— Problem description —
Starting with the line that holds "Cavernous hemangioma of" and stopping after the line that holds "A pair of feet", repeat the lines below word for word, without the pictures.

— Given entries —
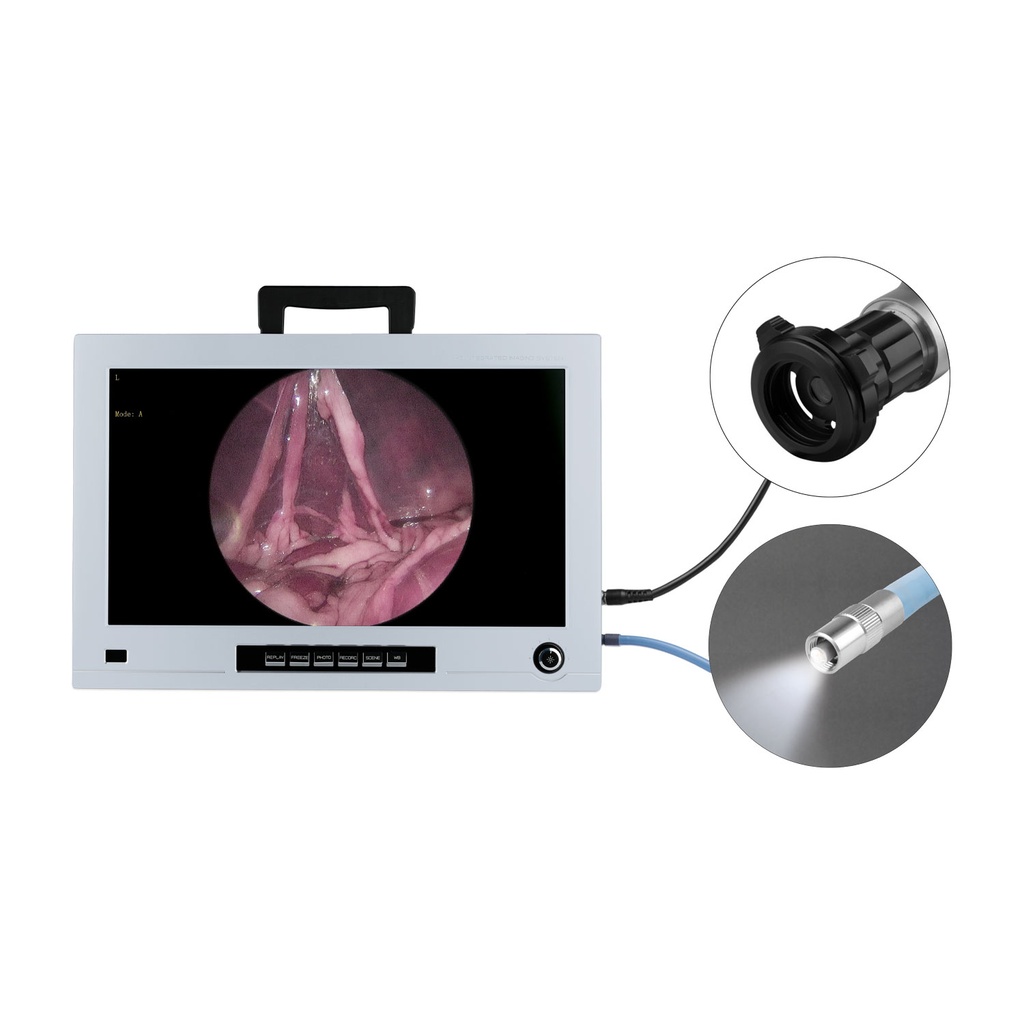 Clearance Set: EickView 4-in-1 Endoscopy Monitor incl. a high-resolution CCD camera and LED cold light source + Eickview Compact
...
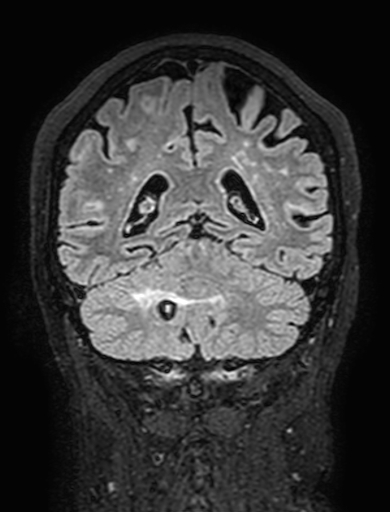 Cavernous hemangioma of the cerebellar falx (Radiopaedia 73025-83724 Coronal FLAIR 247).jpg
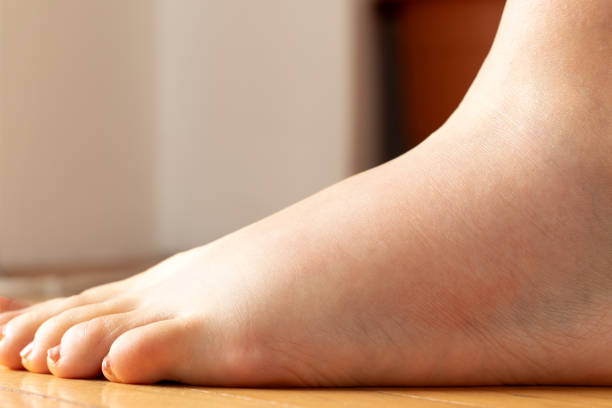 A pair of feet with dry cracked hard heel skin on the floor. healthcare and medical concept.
...
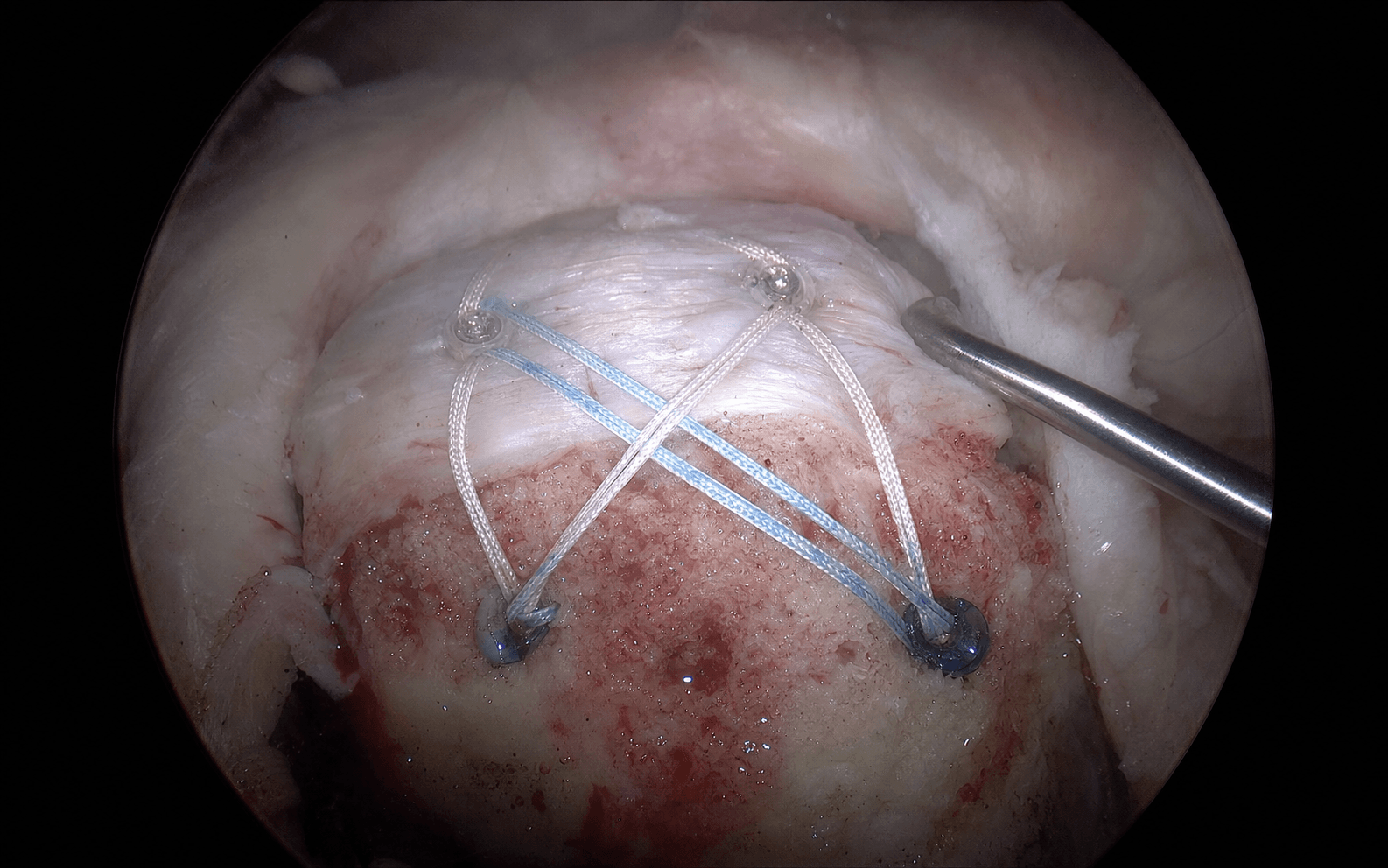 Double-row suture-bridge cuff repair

— Answer below —
 Cavernous hemangioma of the cerebellar falx (Radiopaedia 73025-83724 Coronal FLAIR 247).jpg
 A pair of feet with dry cracked hard heel skin on the floor. healthcare and medical concept.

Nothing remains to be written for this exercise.